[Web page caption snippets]
____________

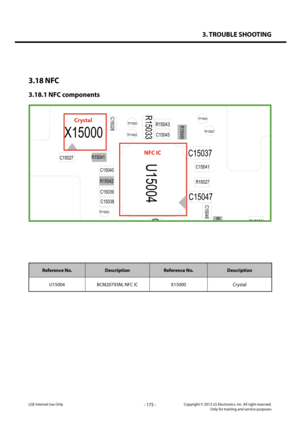 Page 1753. TROUBLE SHOOTING
- 175 -Copyright © 2013 LG Electronics. Inc. All right reserved.Only for training and service purposesLGE Internal Use Only
3.18 NFC 
3.18.1 NFC components
Reference No.DescriptionReference No.Description
U15004BCM20793M, NFC ICX15000Crystal
1
4
A
B C
D
E
F G
TP15004
R15040
TP15007
C15028
U15004
R15028
R15029
C15030
R1503
3
C15041
R15031
TP15002TP15001X15000
C15039
C15037
C15040
C15038
C15031
C1504 3
C1504 4
C1504
2
TP15000
C15045
L15001
C10006
R15030
C15027
C15032
C15047
R15027...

____________

**What this task involves**:
Quote all of the entries word for word, omitting any pictures.

**Task result**:
 Page 1753. TROUBLE SHOOTING
- 175 -Copyright © 2013 LG Electronics. Inc. All right reserved.Only for training and service purposesLGE Internal Use Only
3.18 NFC 
3.18.1 NFC components
Reference No.DescriptionReference No.Description
U15004BCM20793M, NFC ICX15000Crystal
1
4
A
B C
D
E
F G
TP15004
R15040
TP15007
C15028
U15004
R15028
R15029
C15030
R1503
3
C15041
R15031
TP15002TP15001X15000
C15039
C15037
C15040
C15038
C15031
C1504 3
C1504 4
C1504
2
TP15000
C15045
L15001
C10006
R15030
C15027
C15032
C15047
R15027...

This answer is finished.